Registered voters may not be feeling “the Bern” much longer, but the fervor of enthusiasm observed at most Clinton campaign stops is about as palpable as the excitement oozed by a slew of cabinet officers led by Secretary of State Madeleine Albright in 1998 while they stood in the rain outside the White House vouching for Bill Clinton’s honesty. Still, neither Clinton is ready to sacrifice their lust for megabucks paid to them by America’s wealthiest banks and corporations for giving patronizing speeches. Perhaps that explains the dwindling enthusiasm of Democratic Party voters.

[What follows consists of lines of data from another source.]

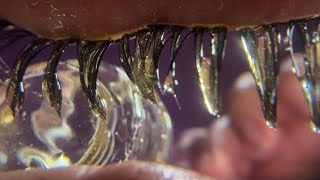 ASMR Honey Eye Cleaning 🍯👁️🧼 Tingly Wet Mouth Sounds 💤💤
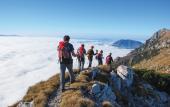 Туры в отель Hotel Julian Alps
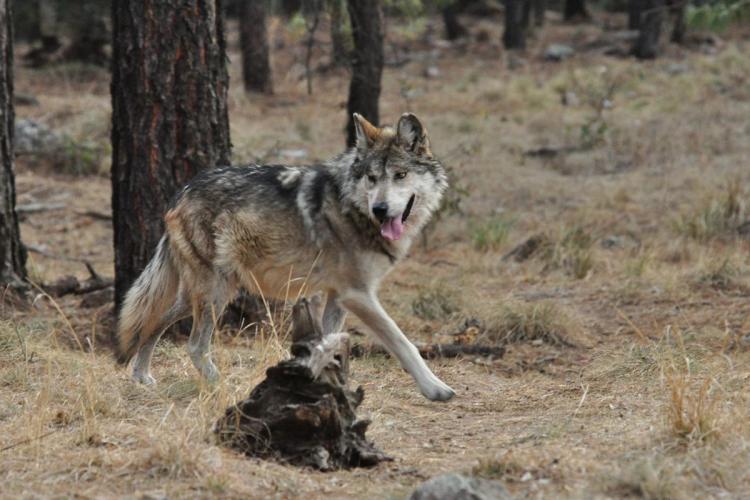 A wolf in its natural environment.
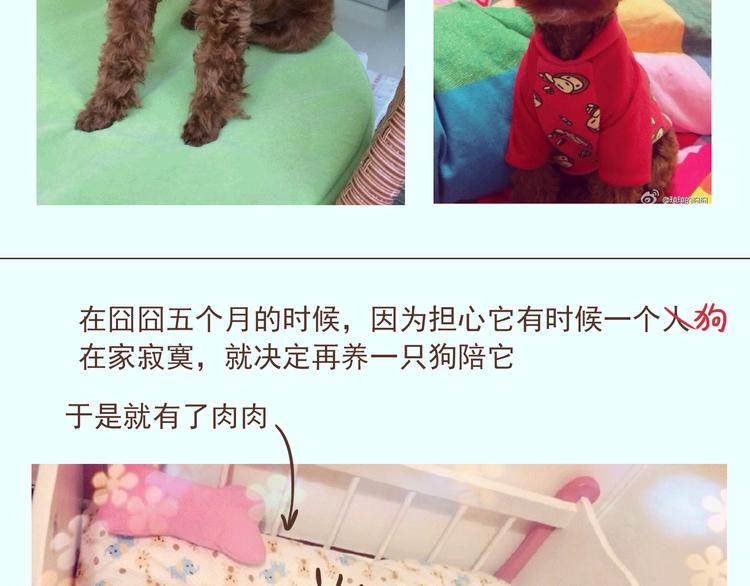 番外 萌萌三小只的日常-第16话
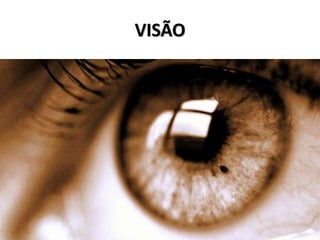 VISÃO 
 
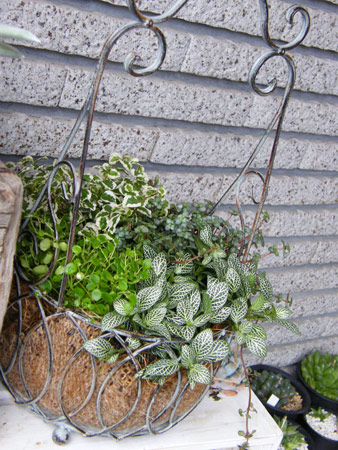 リーフ寄せ植え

It’s abundantly clear that in primary after primary, thus far, Democratic voters just aren’t showing up. Politically speaking, Clinton hit Sanders so hard in South Carolina that he’s fallen and he can’t get up, but the news is bad for Clinton, the Bern and the Democratic Party. Only 367,491 people cast a ballot for either Clinton or Sanders on Saturday which represents a 16 percent decline from the 436,219 people who voted for Clinton and Obama in 2008. So what? What does that prove – what difference does it make now, some eye-rolling Democrats may ponder. Here’s the answer: Factor in the 93,522 people who voted for John Edwards that year, and Clinton’s problem stands out like a campaign intern wearing a beret and a short skirt talking to Bill Clinton at one of Hillary’s relatively rare public appearances. This year, Democrats are only attracting about two-thirds of the primary votes that they did eight years ago.

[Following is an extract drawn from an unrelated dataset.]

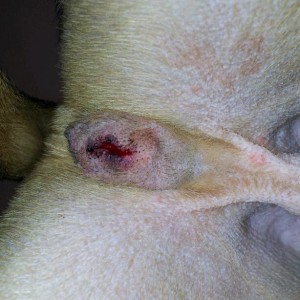 Ronan, evening after surgery.  Slight gapping of incision normal, surrounding scrotal tissue normal color, not reddened, minimal to no drainage.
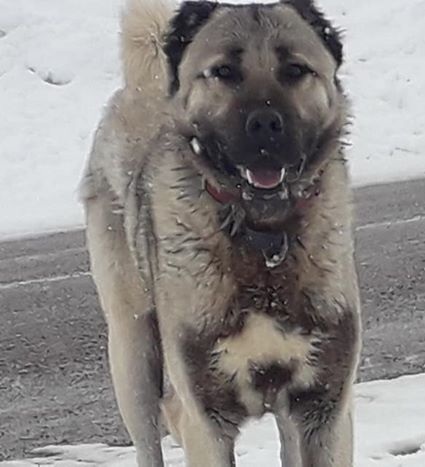 satılık damızlık kangal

While political pundits can chop and dice statistics to taste like anything, Hillary Clinton’s problem is not Bernie Sanders, never was. Sure, she is the poster-granny of dishonesty and hypocrisy she at once personifies and resolutely denies. Then there is the national security scandal over her home-brew server. But her biggest problems are those voids in campaign bleachers, the no-shows frustrated by the detachment of her words from her actions. The FBI is nipping at Clinton’s heels as a separate lawsuit by Judicial Watch continues to expose her inattention to national security through the use of her private unsanctioned, unsecured home computer to send and transmit classified documents while Secretary of State. It is the perfect storm of Clinton’s unlikeability, aversion to telling the truth and general poor performance in office and as a candidate that will defeat her in 2016. However, more importantly, it is a withering rebuke of the DNC. It is a political and ideological defeat manifesting itself in exceptionally poor primary turnouts that will likely lead to Hillary Clinton’s and the Democratic Party’s losses in November.